═════ Supplied material
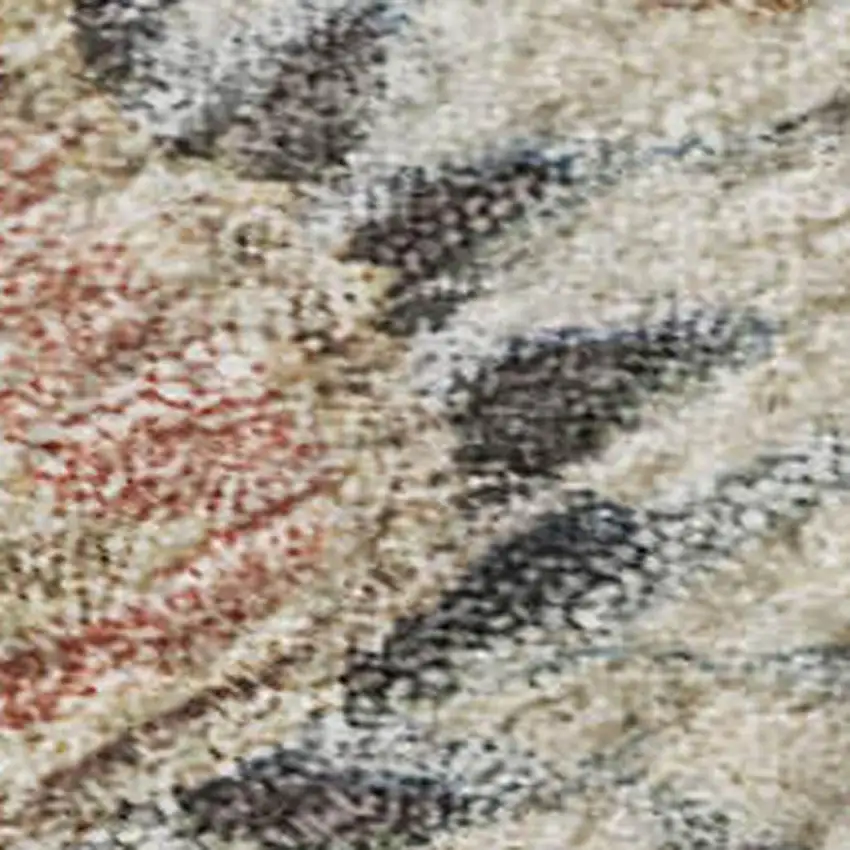 Pink Denim Blue And Silver Floral Washable Area Rug With UV Protection Photo 2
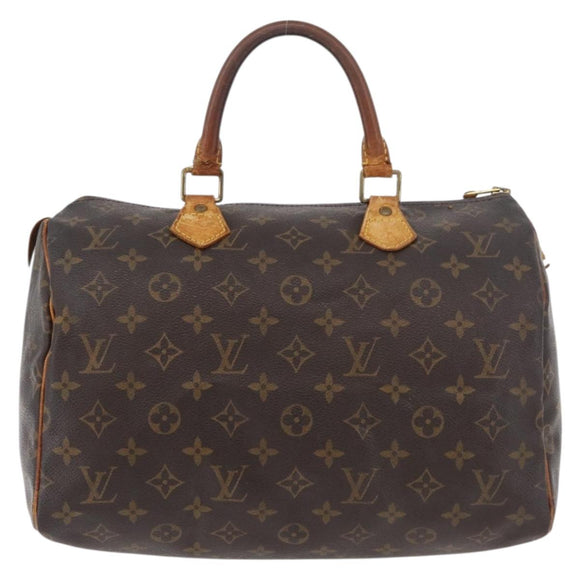 LOUIS VUITTON Monogram Speedy 30 Hand Bag M41526 LV Auth 176722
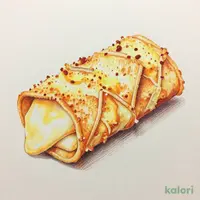 比叡生湯葉とモッツァレラチーズの天ぷら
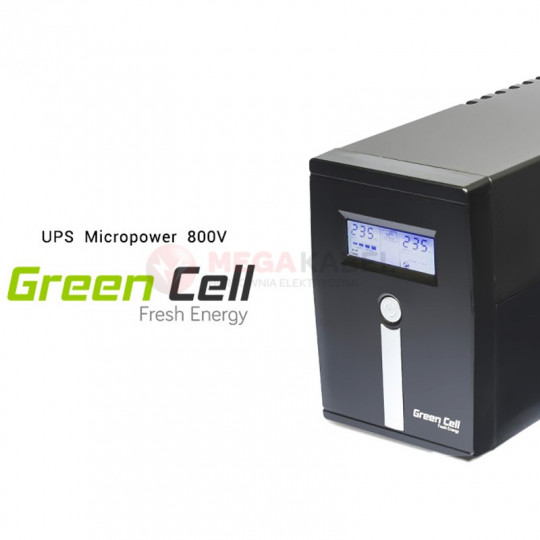 Zasilacz awaryjny UPS 1000VA 600W LCD UPS03 GREEN CELL
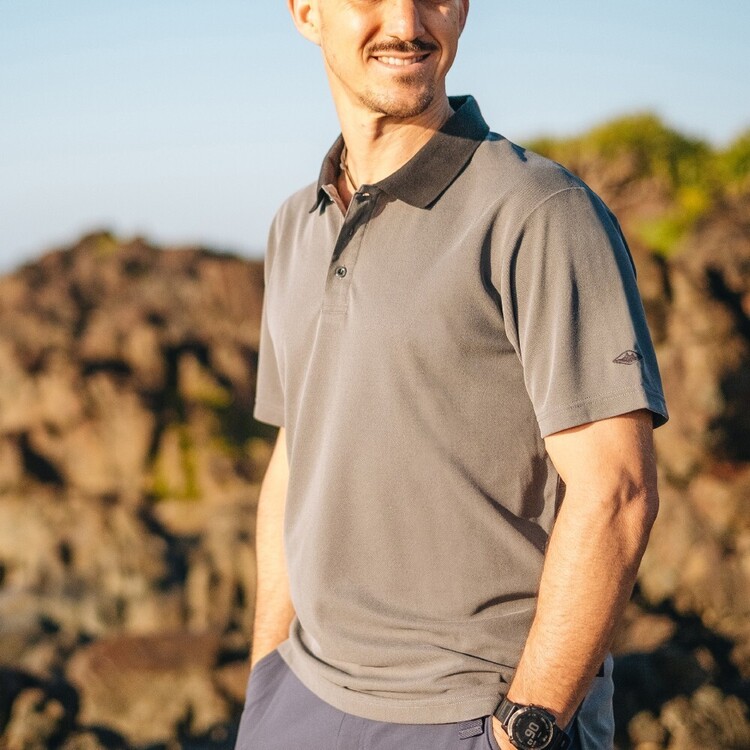 Men's Volt Polo Charcoal L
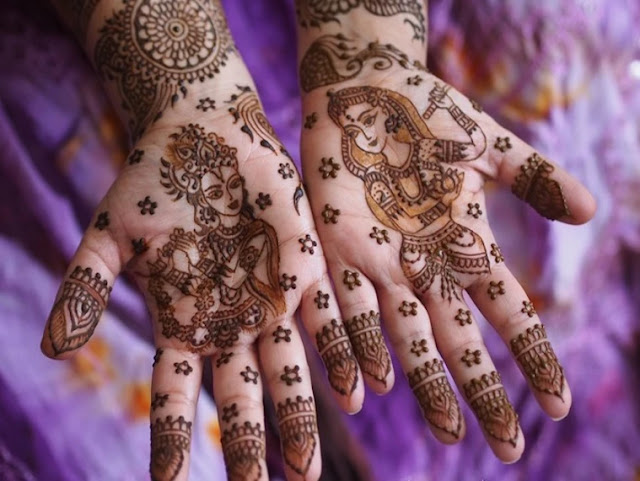 Radha Krishna Name Mehndi Design Radha Krishna Name Mehndi Design
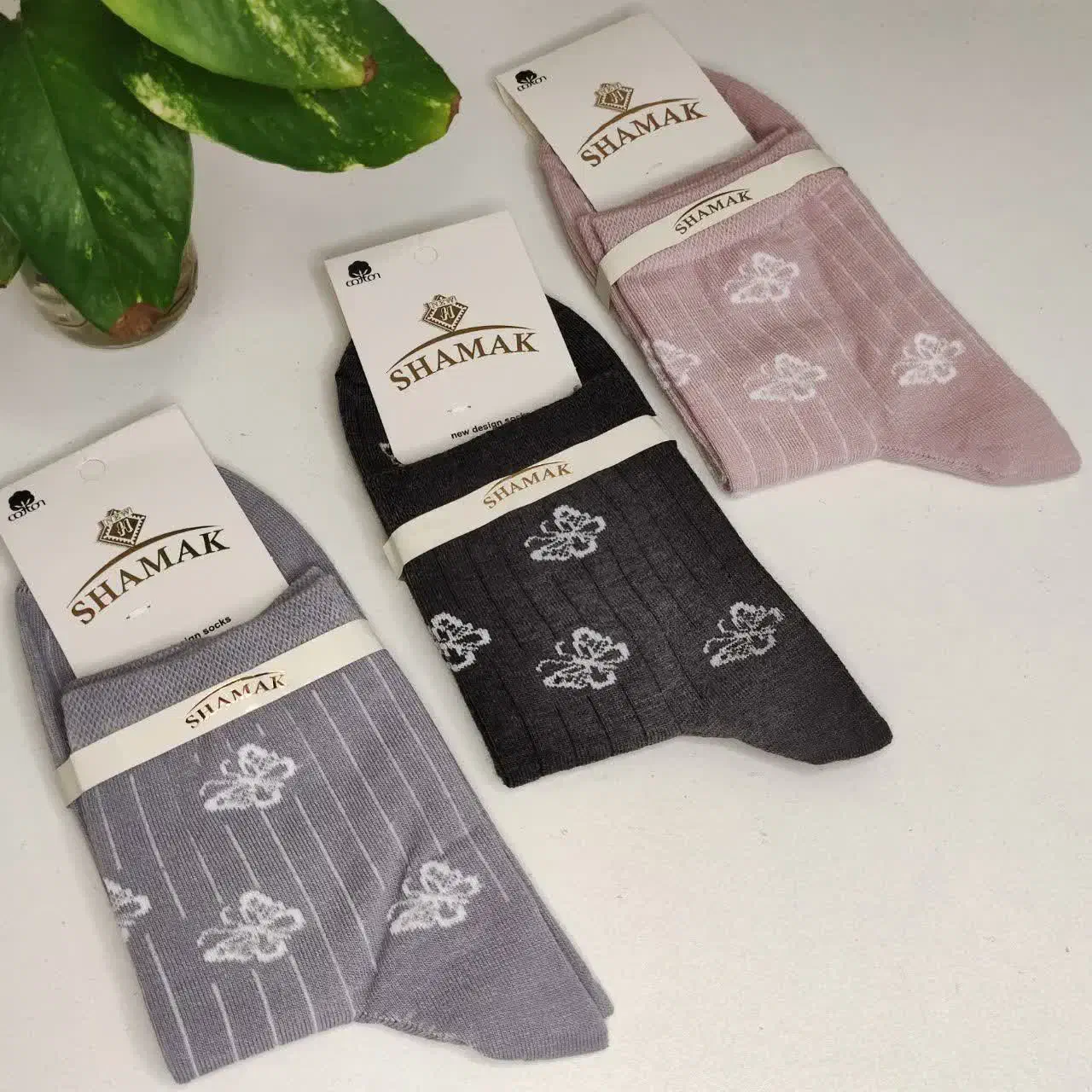 «جوراب نیمساق دخترونه طرح گل پروانه»|لباس|قم, باجک سه|دیوار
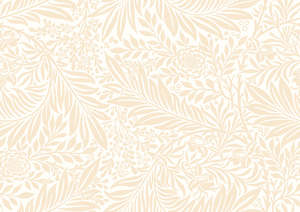 Floral Wallpaper: Leaf Vine Wallpaper - Butter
══════════
What you should do: Please write out the lines above, beginning at the line with "Radha Krishna Name Mehndi Design Radha" and ending at the last line of the records, exactly as they appear and without pictures.

Answer:
 Radha Krishna Name Mehndi Design Radha Krishna Name Mehndi Design
 «جوراب نیمساق دخترونه طرح گل پروانه»|لباس|قم, باجک سه|دیوار
 Floral Wallpaper: Leaf Vine Wallpaper - Butter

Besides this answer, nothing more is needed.